The decedent deducted from gross income for 1932 the sum of $19,450, being the difference between the $25,000 note given in payment for the bonds and the $5,550, the value of the bonds at the time the note was given. The decedent died in 1934, and, after his death, his executors paid the note. The Commissioner of Internal Revenue disallowed the deduction and assessed an additional tax of $10,020.74, which plaintiffs paid to defendant on January 28, 1935, $9,023.60 of which was due to the disallowance of the deduction and the balance to other adjustments not involved in this suit.
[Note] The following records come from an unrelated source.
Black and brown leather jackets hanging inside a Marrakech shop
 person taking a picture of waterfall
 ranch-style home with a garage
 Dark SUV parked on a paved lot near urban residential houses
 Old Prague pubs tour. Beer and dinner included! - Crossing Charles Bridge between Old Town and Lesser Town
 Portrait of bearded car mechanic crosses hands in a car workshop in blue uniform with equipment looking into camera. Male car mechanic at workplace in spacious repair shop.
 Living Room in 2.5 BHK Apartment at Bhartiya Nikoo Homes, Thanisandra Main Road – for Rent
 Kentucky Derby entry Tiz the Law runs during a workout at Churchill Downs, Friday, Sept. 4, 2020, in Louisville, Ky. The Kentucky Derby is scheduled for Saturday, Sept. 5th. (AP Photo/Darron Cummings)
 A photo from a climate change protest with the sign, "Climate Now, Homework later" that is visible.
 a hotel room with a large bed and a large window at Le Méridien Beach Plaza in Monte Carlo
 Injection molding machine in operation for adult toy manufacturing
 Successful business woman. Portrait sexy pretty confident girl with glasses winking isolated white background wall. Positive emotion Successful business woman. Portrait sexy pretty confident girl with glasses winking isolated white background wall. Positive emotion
It is conceded that the decedent made his returns for 1932 on the cash receipts and disbursements basis. The plaintiffs sue to recover the amount paid as a result of the disallowance of the deduction of $19,450, after refund claim duly filed was denied by the Commissioner.
The theory of the action is that the decedent sustained a deductible loss of $19,450 at the time the Merchants National Bank & Trust Company was taken over by the First National Bank & Trust Company in 1932, for at that time the Merchants Bank stock became worthless. The plaintiffs say that the actualities of the situation were that the purchase of bonds worth only $5,550 for $25,000 was a contribution of the excess to the bank, and was paid to protect the decedent's stock investment therein, and that this contribution became a loss when the bank stock became worthless.
The government says that no loss could have been sustained until the note was paid, since the decedent was on the cash receipts and disbursements basis, and relies on Eckert v. Burnet, 283 U.S. 140, 51 S.Ct. 373, 75 L.Ed. 911, and subsequent cases following the rule of that case; also that no loss was sustained because decedent did not sell or dispose of the bonds.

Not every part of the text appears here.